AIM OF THE TASK: The answer should be an exact copy of the lines from the line with "α, typically set" through the last line of the entries, and no other lines.

Source records:
============

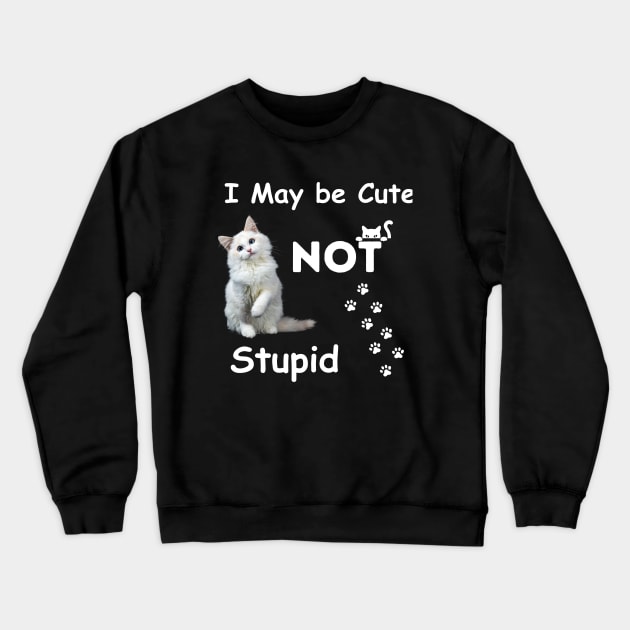 I am cute but not stupid cat swag love Crewneck Sweatshirt by Savi L'amour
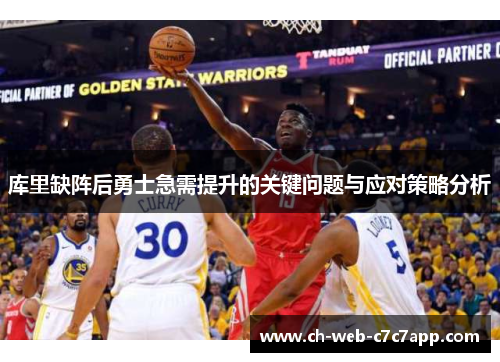 库里缺阵后勇士急需提升的关键问题与应对策略分析 库里缺阵后勇士急需提升的关键问题与应对策略分析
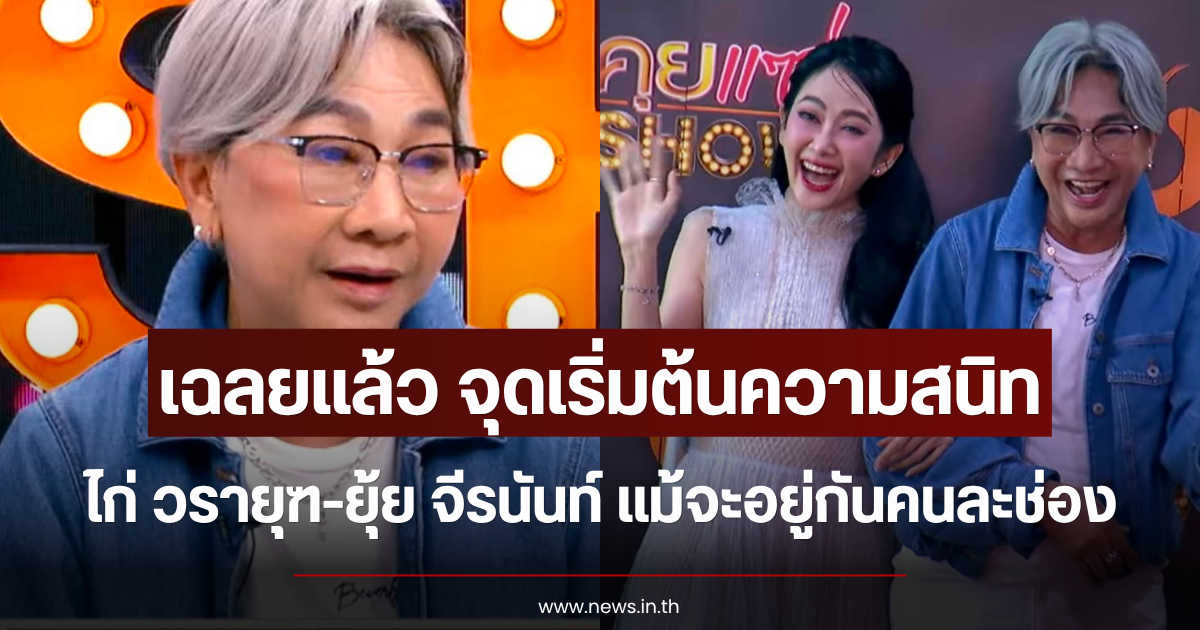 เฉลยแล้ว จุดเริ่มต้นความสนิท ไก่ วรายุฑ-ยุ้ย จีรนันท์ แม้จะอยู่กันคนละช่อง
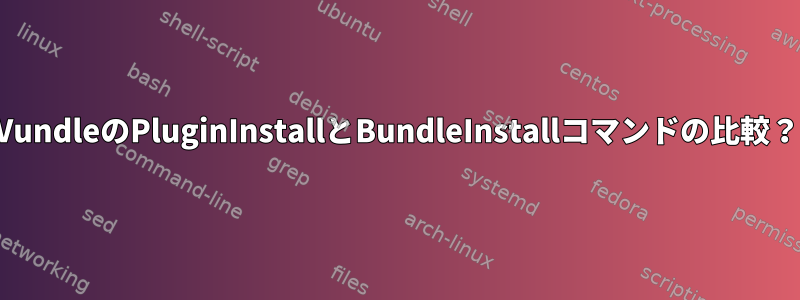 VundleのPluginInstallとBundleInstallコマンドの比較？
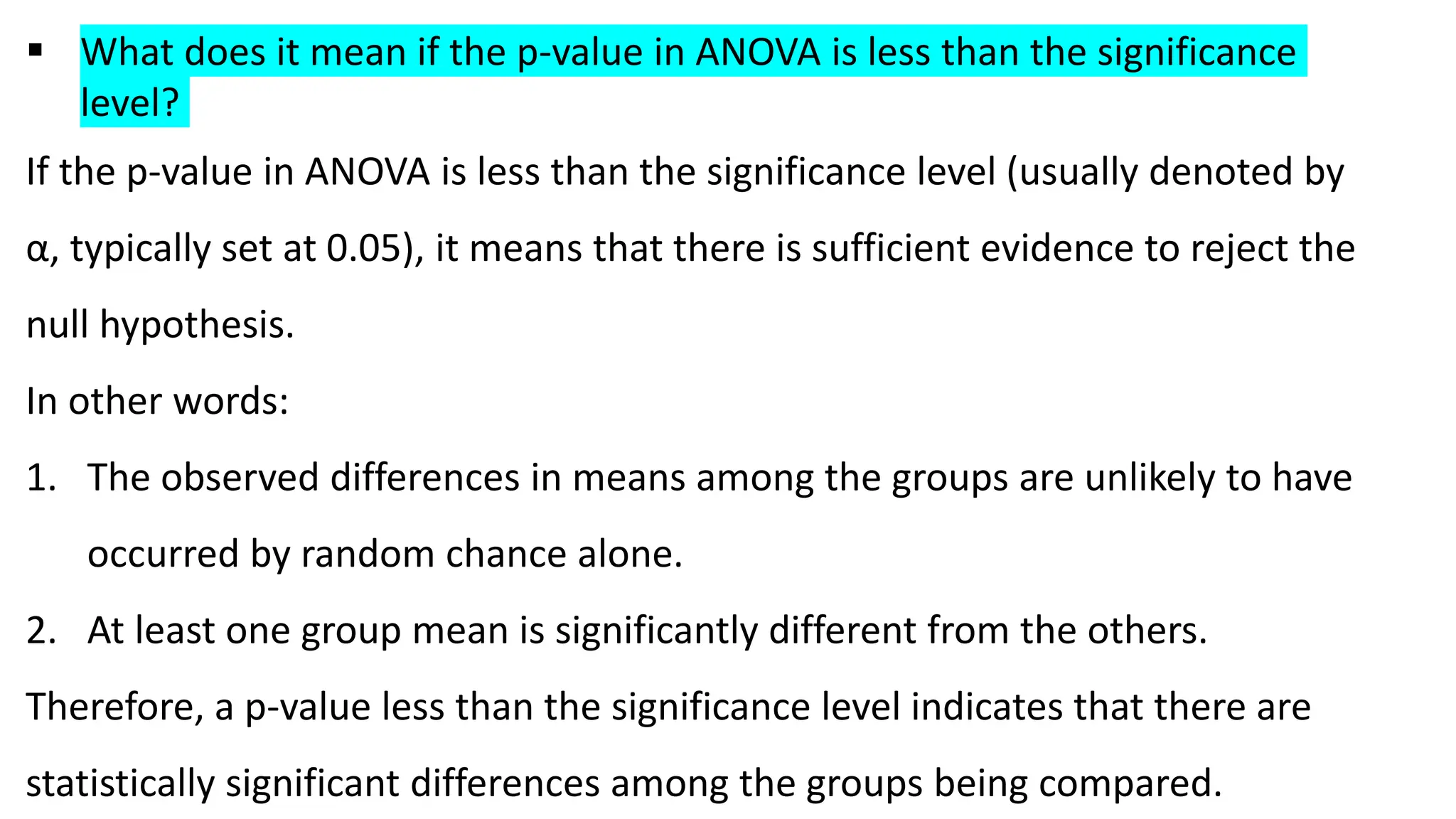  What does it mean if the p-value in ANOVA is less than the significance
level?
If the p-value in ANOVA is less than the significance level (usually denoted by
α, typically set at 0.05), it means that there is sufficient evidence to reject the
null hypothesis.
In other words:
1. The observed differences in means among the groups are unlikely to have
occurred by random chance alone.
2. At least one group mean is significantly different from the others.
Therefore, a p-value less than the significance level indicates that there are
statistically significant differences among the groups being compared.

============

RESPONSE TO THE TASK:
α, typically set at 0.05), it means that there is sufficient evidence to reject the
null hypothesis.
In other words:
1. The observed differences in means among the groups are unlikely to have
occurred by random chance alone.
2. At least one group mean is significantly different from the others.
Therefore, a p-value less than the significance level indicates that there are
statistically significant differences among the groups being compared.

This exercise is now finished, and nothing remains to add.